Bug #210

setting ring buffer size below 64 via ethtool on the ar71xx hangs the driver at gigE speeds

Added by Dave Täht on Jul 16, 2011. Updated on Apr 21, 2012.
Closed High Jim Gettys

Description

If the wan is on gigE and IF you are getting serious network traffic before you run ethtool, the ring buffer doesn’t get updated right, and you stop getting traffic at 7 packets.
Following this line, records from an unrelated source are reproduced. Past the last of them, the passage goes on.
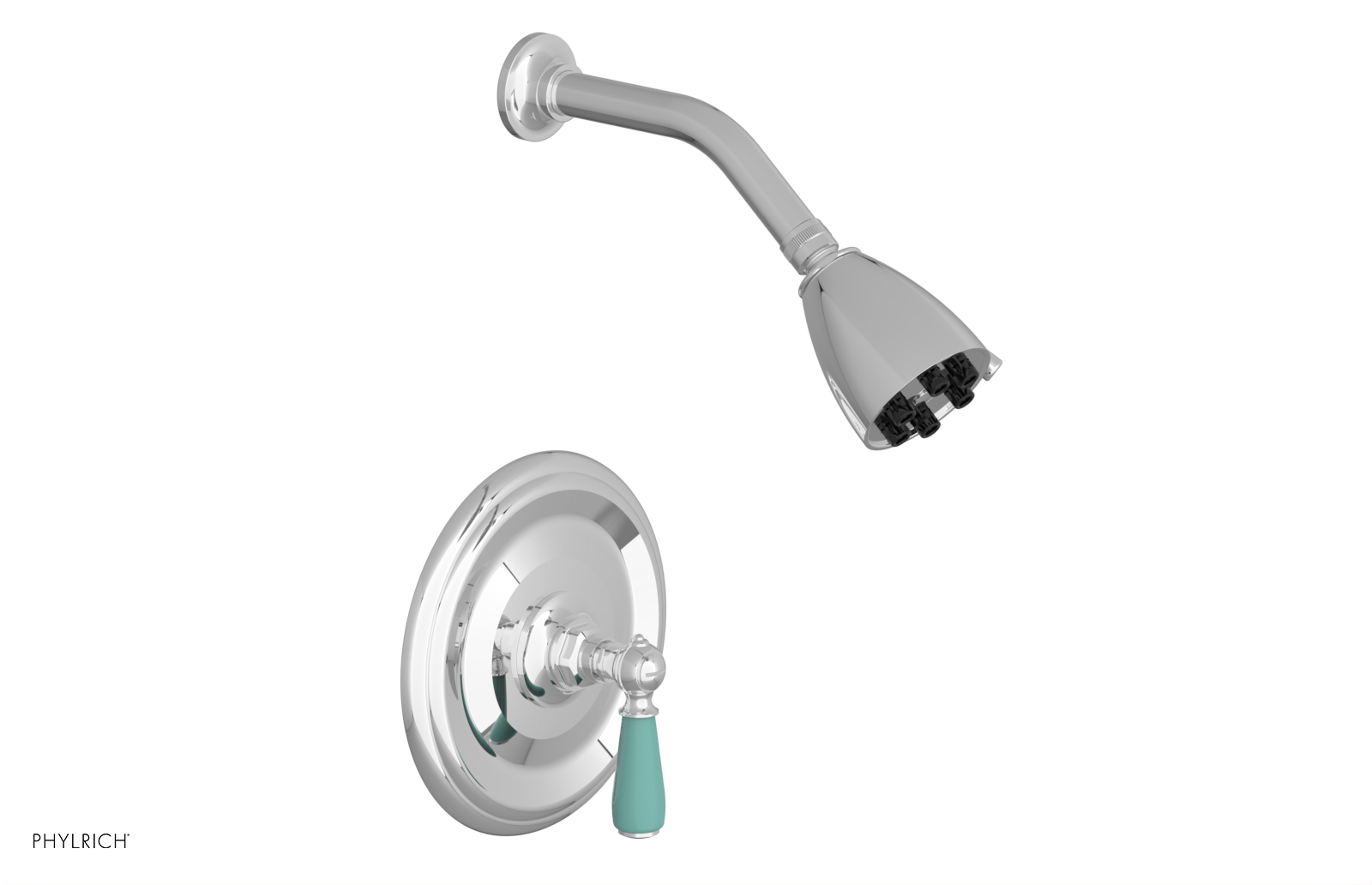 Jamestown Pressure Balance Shower Set with Lever Handle & Turquoise Accents - Model 165-22 | Modern Bathroom Fixture for Spa-Like Shower Experience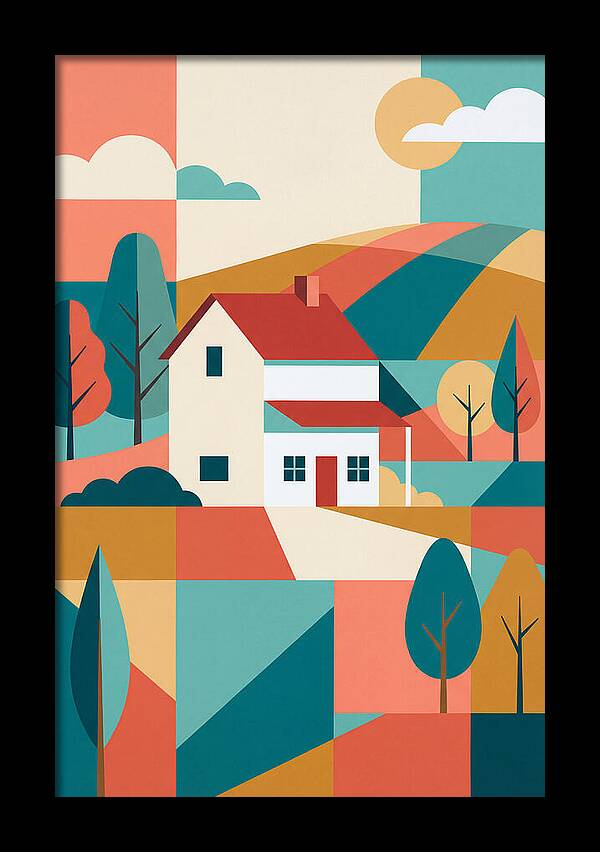 White Farmhouse In Colorful Landscape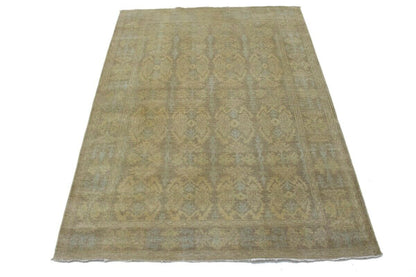 6X9 Ft Hand-Knotted Wool Chobi Peshawar Rug Muted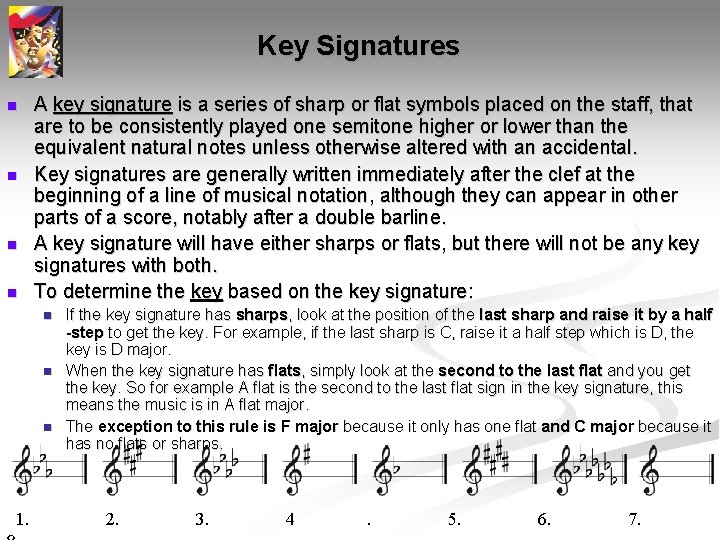 Key Signatures n n A key signature is a series of sharp or flat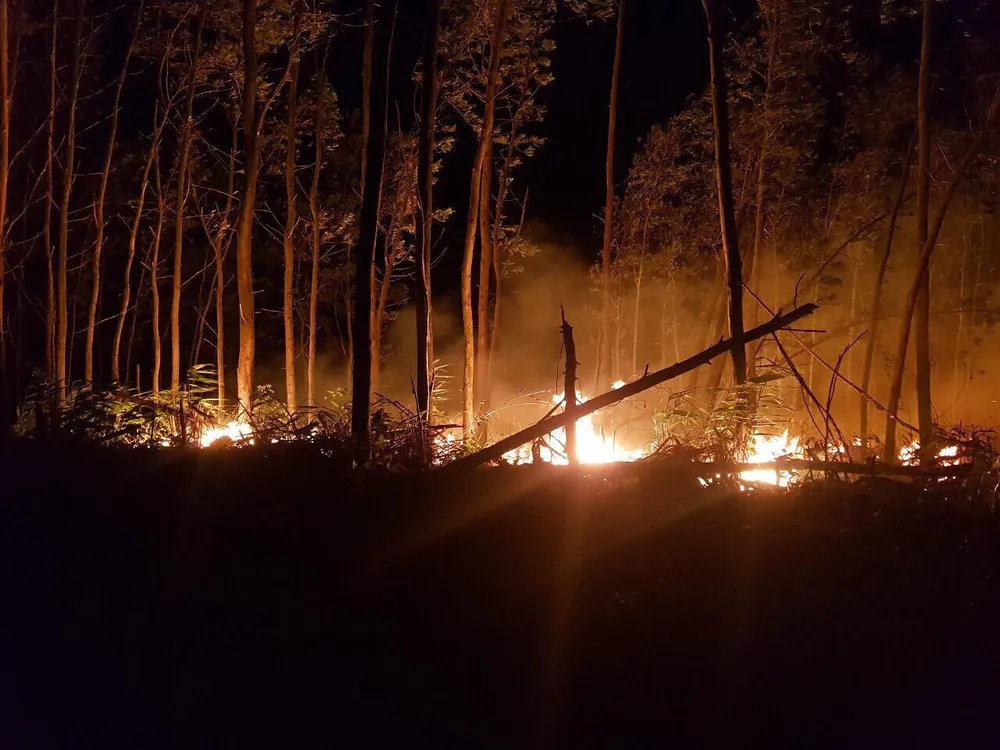 Đám cháy bùng phát dữ dội trong đêm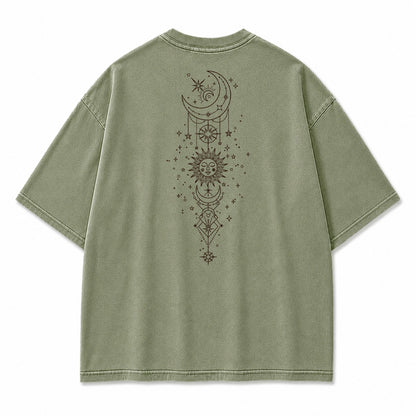 Celestial Harmony Sun Moon Graphic T-Shirt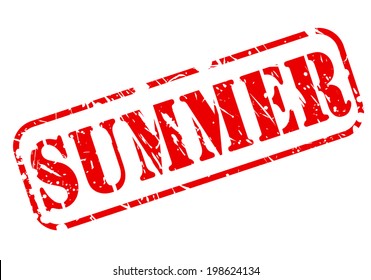 Summer stamp with red text on white background
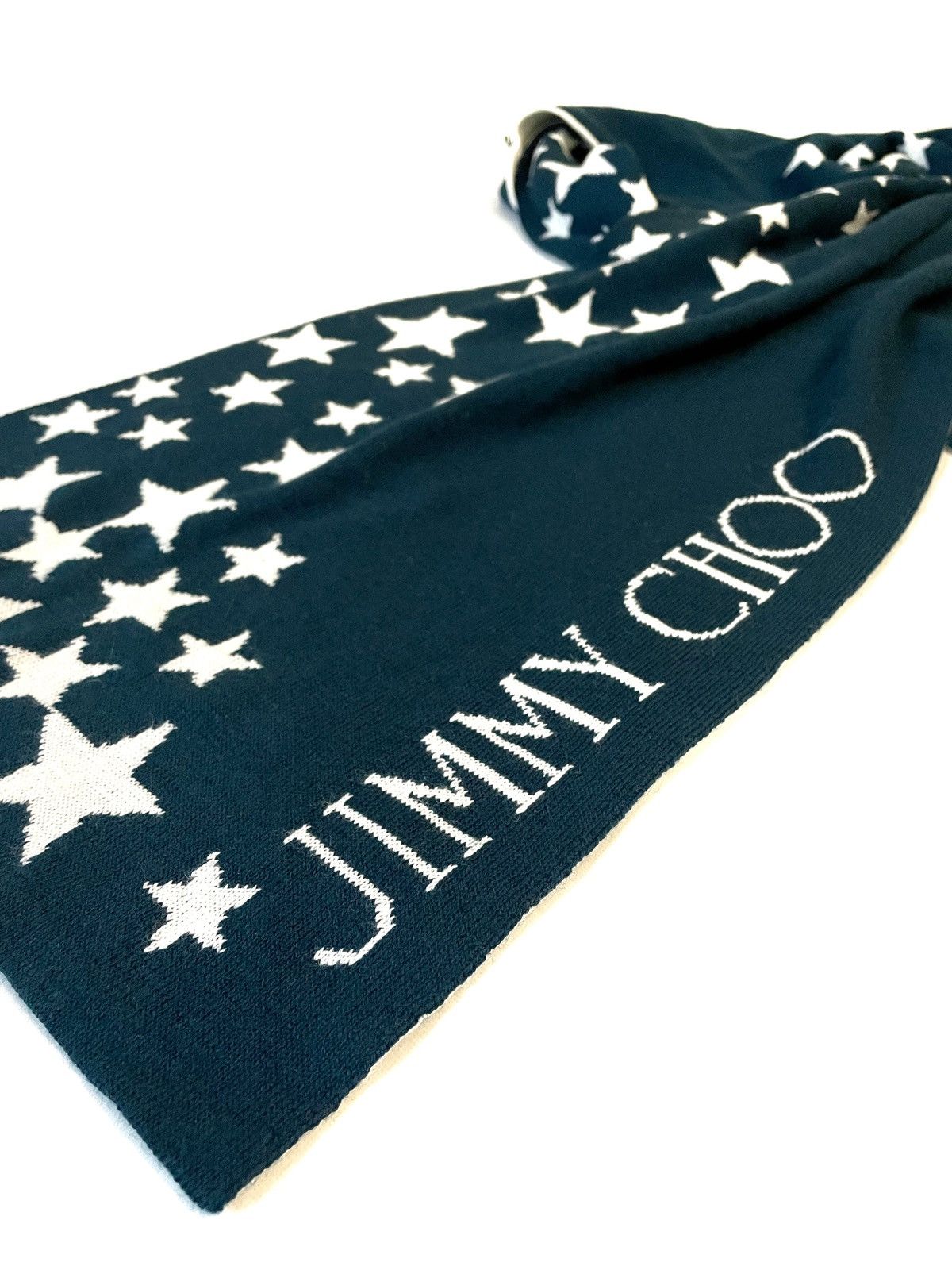 Jimmy Choo Wool Star Print Scarf Big Logo Made In Italy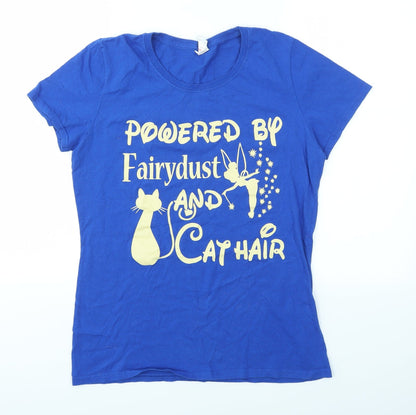 Womens UK Size L Fruit of the Loom Blue Basic T-Shirt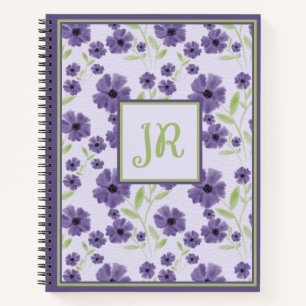 Cuaderno Impresión en monograma morado verde con sabor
Worse, ethtool runs AFTER dhcp, so you do get a valid ip address, then ethtool -g tx 4 runs and locks up the card.

This showed up in our testing in the last couple days. You unplug and replug, it sets up the driver right that time, and life is good, and we achieve 100+Mbit/sec speeds with VERY low latency.

I can duplicate it every time now, but was faarrrr too tired after debugging the problem for 2 days straight to figure out where it was, but I think it should be easy to find.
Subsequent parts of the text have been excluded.